Three are a number of missing values 

The dataset description gives this listing:
```
   Attribute #:    Number of Missing Values: (total: 132)
   ------------    -------------------------
              1    2  
              2	   1  
              3	   5  
              4	   1  
              5	   8  
              6	   15 
              7	   11 
              8	   4  
              9	   1  
             10	   4 
             11	   0 
             12	   22
             13	   58
```

There are patients who have not been tracked for a year and are still
alive.  This is bad data that should not be included in the model. 
Use this bit of info from the description.

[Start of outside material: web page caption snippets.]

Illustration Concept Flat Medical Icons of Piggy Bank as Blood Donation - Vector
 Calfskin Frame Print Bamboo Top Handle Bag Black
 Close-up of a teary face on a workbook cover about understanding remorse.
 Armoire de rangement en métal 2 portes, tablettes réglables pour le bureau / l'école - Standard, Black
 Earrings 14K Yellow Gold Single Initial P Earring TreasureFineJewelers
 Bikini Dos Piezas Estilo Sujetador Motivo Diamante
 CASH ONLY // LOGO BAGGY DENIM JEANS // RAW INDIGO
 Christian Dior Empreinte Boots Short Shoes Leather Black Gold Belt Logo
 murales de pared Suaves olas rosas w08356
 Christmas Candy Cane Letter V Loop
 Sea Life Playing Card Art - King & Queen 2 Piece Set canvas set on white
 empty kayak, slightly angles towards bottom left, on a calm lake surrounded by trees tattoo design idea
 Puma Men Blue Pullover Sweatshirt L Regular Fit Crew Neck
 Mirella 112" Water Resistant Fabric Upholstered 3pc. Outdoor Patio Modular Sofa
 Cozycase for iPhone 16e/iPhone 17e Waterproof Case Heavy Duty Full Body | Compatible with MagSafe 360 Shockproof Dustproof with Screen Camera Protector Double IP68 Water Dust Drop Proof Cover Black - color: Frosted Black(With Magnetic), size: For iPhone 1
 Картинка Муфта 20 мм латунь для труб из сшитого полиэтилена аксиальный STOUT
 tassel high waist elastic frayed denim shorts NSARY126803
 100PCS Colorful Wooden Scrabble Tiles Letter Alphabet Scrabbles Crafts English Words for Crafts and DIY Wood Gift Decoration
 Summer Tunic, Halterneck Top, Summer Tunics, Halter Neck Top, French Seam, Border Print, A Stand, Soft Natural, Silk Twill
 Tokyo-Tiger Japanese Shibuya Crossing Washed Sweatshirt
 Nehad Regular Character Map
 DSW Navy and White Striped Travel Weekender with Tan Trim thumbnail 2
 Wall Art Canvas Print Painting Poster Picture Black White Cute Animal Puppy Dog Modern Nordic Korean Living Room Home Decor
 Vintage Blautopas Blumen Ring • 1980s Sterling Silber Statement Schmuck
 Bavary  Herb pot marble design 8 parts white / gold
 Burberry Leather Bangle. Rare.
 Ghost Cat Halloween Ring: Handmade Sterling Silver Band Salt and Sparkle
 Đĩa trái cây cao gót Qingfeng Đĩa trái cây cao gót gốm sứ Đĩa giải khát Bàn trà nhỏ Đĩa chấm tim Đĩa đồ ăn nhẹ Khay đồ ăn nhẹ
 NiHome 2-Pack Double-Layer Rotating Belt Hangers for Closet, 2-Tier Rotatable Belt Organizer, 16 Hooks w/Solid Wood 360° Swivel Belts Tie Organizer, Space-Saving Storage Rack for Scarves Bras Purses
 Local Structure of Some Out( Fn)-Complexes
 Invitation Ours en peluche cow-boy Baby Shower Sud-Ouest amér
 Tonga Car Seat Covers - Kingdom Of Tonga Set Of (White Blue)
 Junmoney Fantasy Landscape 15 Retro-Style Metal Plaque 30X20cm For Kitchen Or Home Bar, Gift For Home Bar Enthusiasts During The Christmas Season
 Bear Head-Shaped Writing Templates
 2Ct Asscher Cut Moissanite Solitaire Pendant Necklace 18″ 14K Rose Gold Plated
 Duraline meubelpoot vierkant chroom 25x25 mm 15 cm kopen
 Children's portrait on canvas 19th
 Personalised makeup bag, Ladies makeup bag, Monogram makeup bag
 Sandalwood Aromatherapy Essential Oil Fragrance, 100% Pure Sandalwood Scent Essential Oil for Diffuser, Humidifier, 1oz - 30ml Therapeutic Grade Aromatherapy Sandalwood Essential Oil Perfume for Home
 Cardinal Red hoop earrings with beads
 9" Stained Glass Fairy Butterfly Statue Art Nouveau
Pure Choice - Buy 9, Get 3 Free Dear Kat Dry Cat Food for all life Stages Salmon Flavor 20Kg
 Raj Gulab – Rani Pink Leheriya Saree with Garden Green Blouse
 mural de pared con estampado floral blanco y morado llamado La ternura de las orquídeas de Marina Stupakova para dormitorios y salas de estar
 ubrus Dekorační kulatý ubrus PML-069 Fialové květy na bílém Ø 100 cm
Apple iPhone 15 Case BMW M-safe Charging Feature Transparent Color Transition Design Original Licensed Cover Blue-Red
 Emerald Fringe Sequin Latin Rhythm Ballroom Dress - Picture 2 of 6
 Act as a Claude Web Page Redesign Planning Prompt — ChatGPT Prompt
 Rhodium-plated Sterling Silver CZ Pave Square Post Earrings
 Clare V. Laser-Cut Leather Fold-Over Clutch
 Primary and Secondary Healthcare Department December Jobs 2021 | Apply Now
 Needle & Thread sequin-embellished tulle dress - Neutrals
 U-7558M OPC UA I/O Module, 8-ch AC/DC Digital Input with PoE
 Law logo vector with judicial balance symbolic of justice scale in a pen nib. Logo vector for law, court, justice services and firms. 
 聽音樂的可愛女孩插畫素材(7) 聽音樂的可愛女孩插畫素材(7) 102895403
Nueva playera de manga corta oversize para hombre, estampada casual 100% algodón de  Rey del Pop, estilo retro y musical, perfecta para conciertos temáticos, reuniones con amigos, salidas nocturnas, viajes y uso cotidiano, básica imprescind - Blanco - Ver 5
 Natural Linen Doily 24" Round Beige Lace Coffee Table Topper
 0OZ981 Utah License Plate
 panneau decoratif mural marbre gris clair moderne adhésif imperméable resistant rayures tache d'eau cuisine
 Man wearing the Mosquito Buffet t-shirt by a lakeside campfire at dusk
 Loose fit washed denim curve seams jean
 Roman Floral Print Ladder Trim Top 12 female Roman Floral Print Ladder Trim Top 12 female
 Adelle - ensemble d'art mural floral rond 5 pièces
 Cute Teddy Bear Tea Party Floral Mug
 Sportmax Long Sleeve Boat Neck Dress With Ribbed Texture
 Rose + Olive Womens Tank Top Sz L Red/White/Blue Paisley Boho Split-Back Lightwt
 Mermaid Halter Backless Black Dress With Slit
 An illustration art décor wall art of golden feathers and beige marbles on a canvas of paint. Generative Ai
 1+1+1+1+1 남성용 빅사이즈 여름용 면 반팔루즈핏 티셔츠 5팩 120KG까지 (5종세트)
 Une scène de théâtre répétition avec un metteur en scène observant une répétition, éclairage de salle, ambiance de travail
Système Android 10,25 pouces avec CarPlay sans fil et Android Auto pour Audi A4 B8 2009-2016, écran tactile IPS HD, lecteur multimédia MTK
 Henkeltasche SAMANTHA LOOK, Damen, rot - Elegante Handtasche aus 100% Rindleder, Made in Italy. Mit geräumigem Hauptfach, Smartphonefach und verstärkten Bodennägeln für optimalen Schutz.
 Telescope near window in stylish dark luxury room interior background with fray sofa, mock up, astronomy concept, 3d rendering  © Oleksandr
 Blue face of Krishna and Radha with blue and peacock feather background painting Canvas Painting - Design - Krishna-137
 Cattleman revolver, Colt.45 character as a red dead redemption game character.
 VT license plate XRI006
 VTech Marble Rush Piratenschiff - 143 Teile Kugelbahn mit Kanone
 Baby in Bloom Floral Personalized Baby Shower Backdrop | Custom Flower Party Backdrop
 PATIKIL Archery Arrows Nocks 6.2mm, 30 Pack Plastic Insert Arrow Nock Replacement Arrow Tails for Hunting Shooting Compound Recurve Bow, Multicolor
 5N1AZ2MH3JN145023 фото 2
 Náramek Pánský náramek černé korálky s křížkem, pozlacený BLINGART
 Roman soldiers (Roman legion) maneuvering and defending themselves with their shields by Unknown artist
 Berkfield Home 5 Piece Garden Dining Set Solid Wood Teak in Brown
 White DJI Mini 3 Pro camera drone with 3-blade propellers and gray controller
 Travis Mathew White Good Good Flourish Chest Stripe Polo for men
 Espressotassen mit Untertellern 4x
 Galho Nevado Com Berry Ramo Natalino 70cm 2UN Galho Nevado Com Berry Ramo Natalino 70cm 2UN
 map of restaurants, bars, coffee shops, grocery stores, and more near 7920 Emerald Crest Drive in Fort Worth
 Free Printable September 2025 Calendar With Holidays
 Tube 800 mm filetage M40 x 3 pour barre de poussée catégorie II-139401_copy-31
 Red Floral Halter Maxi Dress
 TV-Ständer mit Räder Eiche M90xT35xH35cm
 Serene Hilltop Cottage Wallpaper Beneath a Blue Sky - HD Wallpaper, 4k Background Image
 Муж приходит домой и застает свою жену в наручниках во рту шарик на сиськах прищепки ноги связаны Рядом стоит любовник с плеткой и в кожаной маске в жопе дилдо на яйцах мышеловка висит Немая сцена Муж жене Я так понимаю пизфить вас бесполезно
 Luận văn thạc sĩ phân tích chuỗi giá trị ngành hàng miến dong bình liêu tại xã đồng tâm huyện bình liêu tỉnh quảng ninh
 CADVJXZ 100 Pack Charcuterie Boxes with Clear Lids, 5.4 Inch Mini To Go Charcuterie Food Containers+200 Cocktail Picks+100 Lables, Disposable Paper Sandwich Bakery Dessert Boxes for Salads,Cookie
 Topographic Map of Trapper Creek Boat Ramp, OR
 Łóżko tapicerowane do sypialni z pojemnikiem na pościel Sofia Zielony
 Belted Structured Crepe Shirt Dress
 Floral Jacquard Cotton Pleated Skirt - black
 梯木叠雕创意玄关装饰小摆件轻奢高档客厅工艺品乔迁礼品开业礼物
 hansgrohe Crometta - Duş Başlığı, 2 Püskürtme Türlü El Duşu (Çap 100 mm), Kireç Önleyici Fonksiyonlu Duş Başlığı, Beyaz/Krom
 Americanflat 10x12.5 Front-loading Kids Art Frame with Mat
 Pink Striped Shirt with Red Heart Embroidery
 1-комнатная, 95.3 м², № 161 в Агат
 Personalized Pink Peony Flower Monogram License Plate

          Because all the patients
		  had their heart attacks at different times, it is 
		  possible that some patients have survived less than
		  one year but they are still alive.  Check the second
		  variable to confirm this.  Such patients cannot be 
		  used for the prediction task mentioned above.
       

In [22]:
recent = ecg[(ecg.survival < 12) & ecg.still_alive]
print len(recent)

34


Well, that's a bummer, just about a quarter of the dataset.  But 
it's definitely bogus data that we should not try to use.

## Quick snapshots

Start with a seaborn pairplot.  This is a really quick way to take a snapshot of the data.


In [18]:
seaborn.pairplot(ecg)



AttributeError: max must be larger than min in range parameter.